Koskela Nea, Butt Julia, Michels Birgitta E, Syrjänen Kari, Grenman Seija, Waterboer Tim, Syrjänen Stina, Louvanto Karolina
Department of Obstetrics and Gynecology, Faculty of Medicine and Health Technology, Tampere University, Tampere, Finland.
German Cancer Research Center (DKFZ), Heidelberg, Germany.
Acta Obstet Gynecol Scand. 2025 Jul;104(7):1366-1372. doi: 10.1111/aogs.15105. Epub 2025 May 12.
Sexually transmitted infections caused by Chlamydia trachomatis and Mycoplasma genitalium can have significant implications during early childhood. This study aimed to assess maternal antibodies to C. trachomatis and M. genitalium in newborns, their vanishing, and offspring's own seroconversion to these pathogens during the first 3 years of life.

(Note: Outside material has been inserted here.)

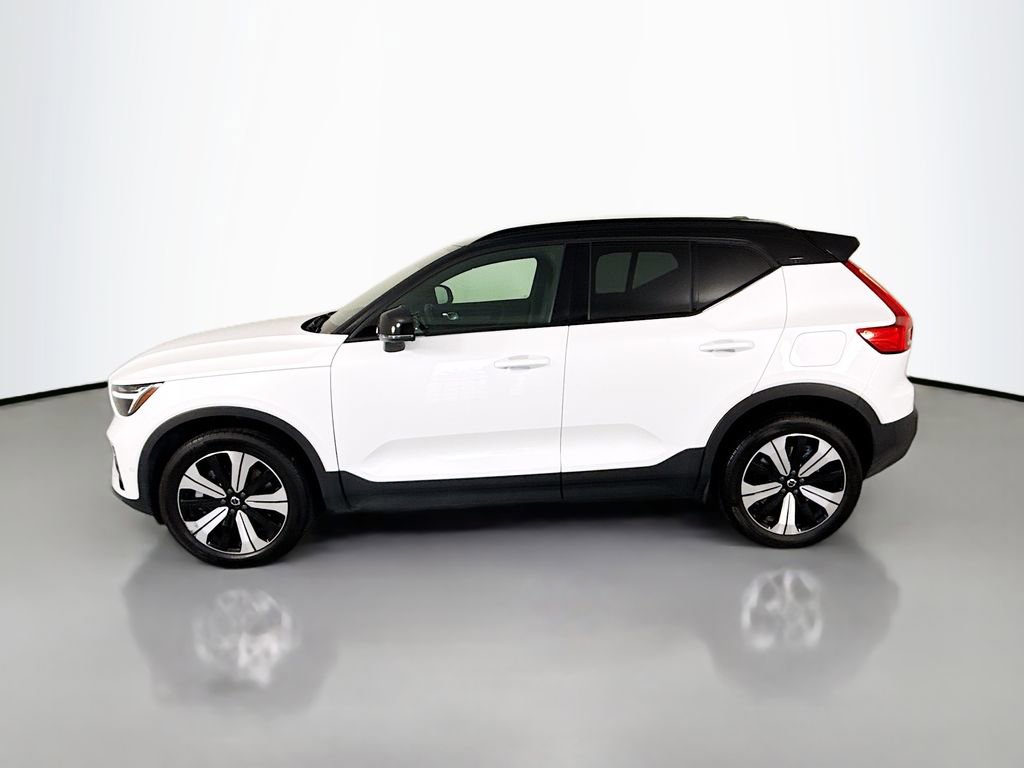 Used 2023 Volvo XC40 Recharge Plus AWD/4WD image 2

Altogether, 309 mother-neonate pairs originally enrolled in the prospective Finnish Family HPV (FFHPV) cohort study at Turku University Hospital, Finland, were analyzed for serum IgG antibodies to plasmid protein gene 3 (pGP3) for C. trachomatis and M. genitalium protein of adhesion (MgPa N-term) and recombinant MgPa for M. genitalium using multiplex serology, by serial sampling during a 3-year follow-up.
A significant correlation between maternal and neonate antibodies to both C. trachomatis and M. genitalium was evident up to 2 months after birth and to C. trachomatis also at 6 months (p < 0.001). During the first 3 years of life, three children seroconverted IgG antibodies to C. trachomatis and one to M. genitalium. At the last (36-month) follow-up visit, five (2.1%) children were seropositive for C. trachomatis and only one (0.4%) for M. genitalium.
Both C. trachomatis and M. genitalium IgG antibodies are transferred from the mother to her offspring during pregnancy; similarly, this is shown for nearly all maternal IgG antibodies. Seroconversion for both C. trachomatis and M. genitalium in early childhood was a rare event. Further studies are required to elucidate the significance of C. trachomatis and M. genitalium antibodies acquired in early life.
沙眼衣原体和生殖支原体引起的性传播感染在幼儿期可能具有重大影响。本研究旨在评估新生儿中针对沙眼衣原体和生殖支原体的母体抗体、这些抗体的消失情况以及子代在生命的前3年中自身针对这些病原体的血清学转换情况。
总共对最初纳入芬兰图尔库大学医院前瞻性芬兰家庭人乳头瘤病毒(FFHPV)队列研究的309对母婴进行了分析,通过多重血清学检测血清中针对沙眼衣原体质粒蛋白基因3(pGP3)、生殖支原体黏附蛋白(MgPa N端)以及生殖支原体重组MgPa的IgG抗体,并在3年随访期间进行系列采样。
出生后2个月内,母体和新生儿针对沙眼衣原体和生殖支原体的抗体之间存在显著相关性,出生后6个月时针对沙眼衣原体的抗体也存在显著相关性(p<0.001)。在生命的前3年中,3名儿童针对沙眼衣原体血清学转换为IgG抗体,1名儿童针对生殖支原体血清学转换为IgG抗体。在最后一次(36个月)随访时,5名(2.1%)儿童沙眼衣原体血清学阳性,仅1名(0.4%)儿童生殖支原体血清学阳性。
沙眼衣原体和生殖支原体的IgG抗体在孕期均从母体转移至子代;同样地,几乎所有母体IgG抗体都是如此。儿童期沙眼衣原体和生殖支原体的血清学转换均为罕见事件。需要进一步研究以阐明生命早期获得的沙眼衣原体和生殖支原体抗体的意义。